Por inúmeros motivos, seria importante começar, ainda que tarde, a fazer a coisa certa
O cerco contra a destruição ambiental no Brasil está se fechando. O mais recente episódio, não o único nem o mais eloquente, foi a decisão do presidente da França, Emmanuel Macron, de protelar a aprovação do acordo da União Europeia com o Mercosul, e de impedir acertos com quem não respeitar o Acordo de Paris. No mesmo dia, 265 organizações civis da Europa e América Latina denunciaram o governo brasileiro por agressões ao ambiente e aos direitos humanos.
Depois de sua conduta execrável em relação ao maior desmatamento na Amazônia em dez anos, em 2019 (10,1 mil km2) e refutar os fatos, demitindo cientistas que os divulgaram, o governo Bolsonaro diminuiu sua exposição na área. Isso não significou que suas ações contra o ambiente cessaram, apenas que seguem agora em silêncio, tão longe dos olhos públicos quanto possível. A ideia de “passar a boiada” enquanto as atenções estiverem voltadas para a covid-19 explicita um programa de governo.
Salles, que teve sigilo bancário de seu escritório de advocacia quebrado em investigação por suposto enriquecimento ilícito enquanto foi secretário do governador Geraldo Alckmin, desestruturou os órgãos como ICMBio e Ibama, militarizou as direções regionais ou as entrega a neófitos, agora indicados pelo Centrão. Anteontem foi nomeado como superintendente do Ibama em Santa Catarina, um administrador de empresas que desde 2014 está com bens bloqueados pela Justiça devido a ação pública por improbidade administrativa pelo Ministério Público (O Estado de S. Paulo, 1-7).
Os holofotes foram deslocados para o vice-presidente Hamilton Mourão, que chefia desde abril um Conselho da Amazônia composto por 19 militares, sem membros do Ibama e da Funai. Mourão recorreu à Garantia da Lei e da Ordem para realizar algumas incursões contra o desmatamento na região, com os órgãos ligados ao ambiente subordinados ao comando militar. As impressões de fiscais que participaram das primeiras ações são negativas e não afastam a impressão de que seriam “para inglês ver”.

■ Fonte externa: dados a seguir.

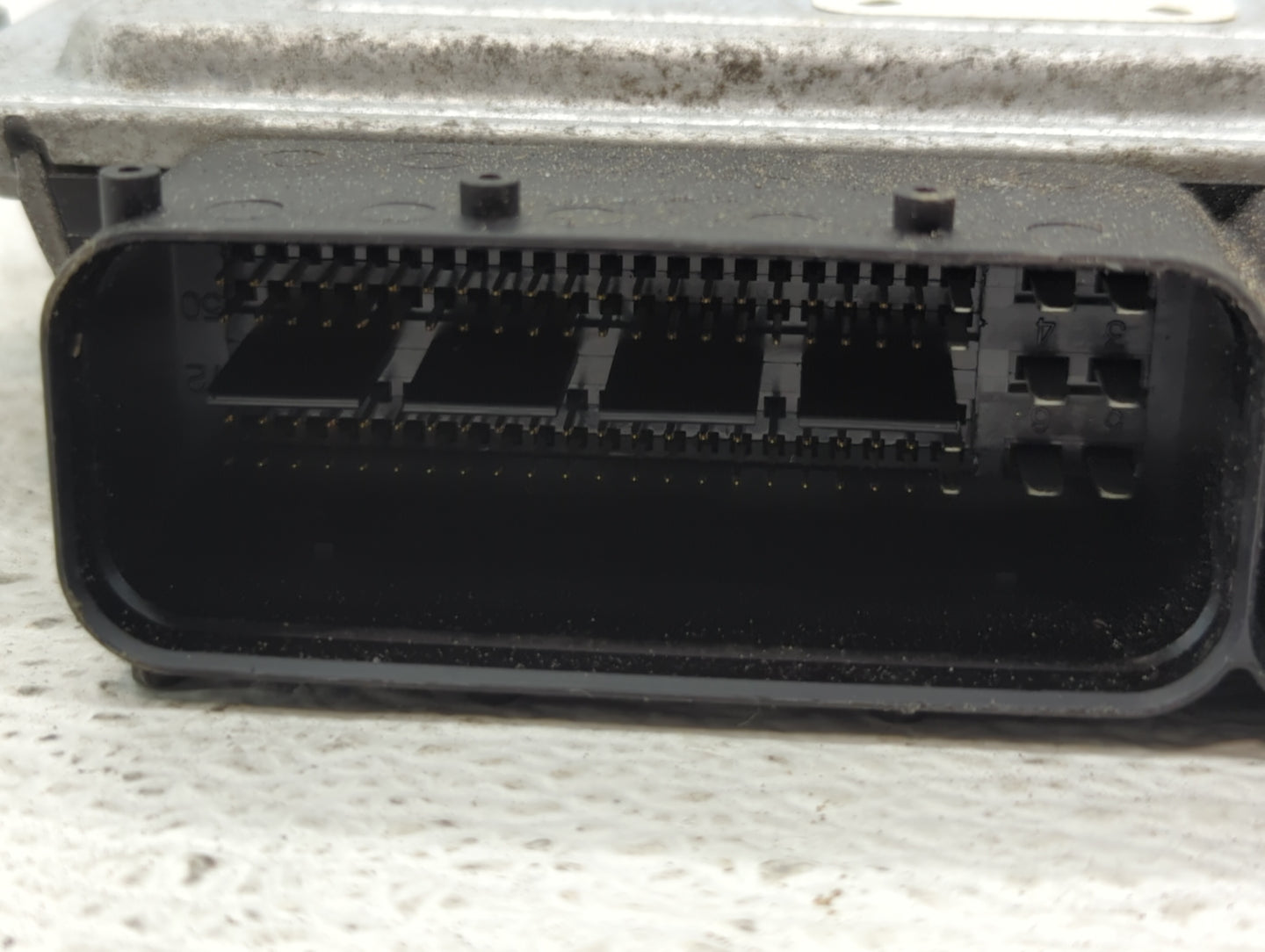 2013-2014 Hyundai Genesis PCM Engine Control Computer ECU ECM PCU OEM P/N:39122-2C060 39172-2C060 Fits Fits 2013 2014 OEM Us
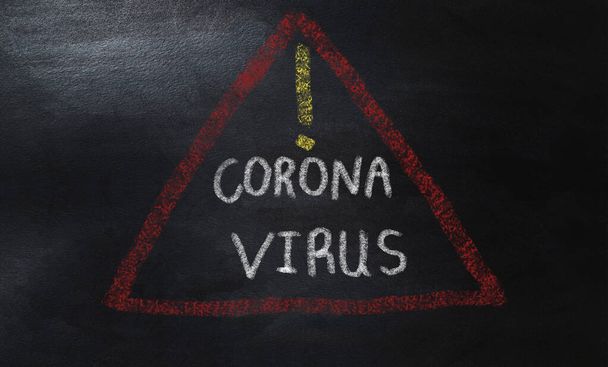 dibujo advertencia coronavirus signo en pizarra
  - Foto, Imagen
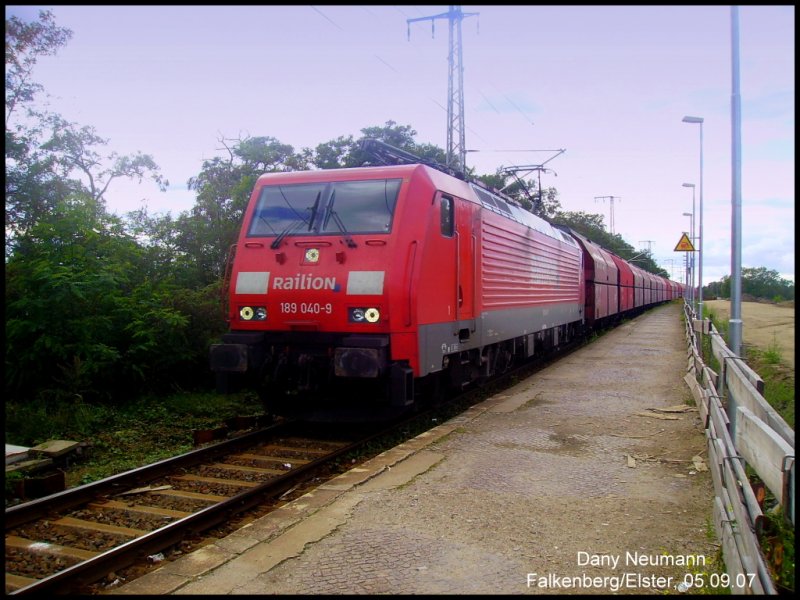 Hier 189 040. Sie durchfhrt gerade den Bahnhof Falkenberg/Elster oberer Bahnof. Aufgenommen am 05.09.07.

Outras ações destrutivas seguem o curso parlamentar, como o projeto que permite a mineração em terras indígenas e o lamentável projeto de regularização de terras, batizada de MP da grilagem. A MP caiu, tornou-se projeto de lei e tramita no Congresso, sem perspectiva de que os interesses de preservação ambiental sejam respeitados.
Enquanto isso, o desmatamento na Amazônia Legal não dá tréguas. Dados preliminares apontam que o recorde de 2019 pode ser igualado ou superado. No ano até maio foram emitidos alertas de desmate envolvendo 2.032 km2, um crescimento de 34,5% sobre igual período de 2019.
A mensagem dada de várias formas por Salles e pelo presidente Jair Bolsonaro, de que não se oporão a atividades de exploração nocivas ao ambiente, foi entendida por garimpeiros, grileiros e empresários inescrupulosos, e estimularam o desmatamento. Ele está espalhado por todos os biomas. Medido pelos avisos de desmate do sistema Deter, neste ano até junho, o Cerrado é a região mais atingida (34,1%), à frente da Amazônia (32,1%). Em ambos, o Mato Grosso se aproxima rapidamente do Pará na liderança da motosserra.
O presidente Jair Bolsonaro disse que a pressão externa se deve à “desinformação”. A blague faz pouco da tendência global por maior rigor na regulação ambiental sobre comércio e investimentos, que pode seguir um atalho com a pandemia. Esse consenso que se forma, por motivos legítimos, favorece disfarces protecionistas, como os da França. Macron deu declarações duras após perder eleições em algumas das principais cidades francesas para os verdes, em ascensão em toda a Europa. Merkel, cujo governo está na vanguarda do combate ao aquecimento global, assumiu ontem a presidência rotativa da UE.
O plano verde da Comissão Europeia caminha para impor compensações tarifárias sobre países que desrespeitam esforços para redução de emissões de carbono. Carta enviada a 8 embaixadas brasileiras por fundos que administram US$ 4 trilhões em ativos afirma que as atitudes do governo em relação ao ambiente “elevam os riscos de reputação, operacionais e regulatórios de seus clientes”. Parlamentos da Holanda e Áustria alegaram o desastre ambiental para rejeitar o acordo com o Mercosul. Uma vitória democrata, expelindo Donald Trump do poder dos EUA, trará mais um poderoso foco de atrito com o Brasil. Por inúmeros motivos, seria importante começar, ainda que tarde, a fazer a coisa certa.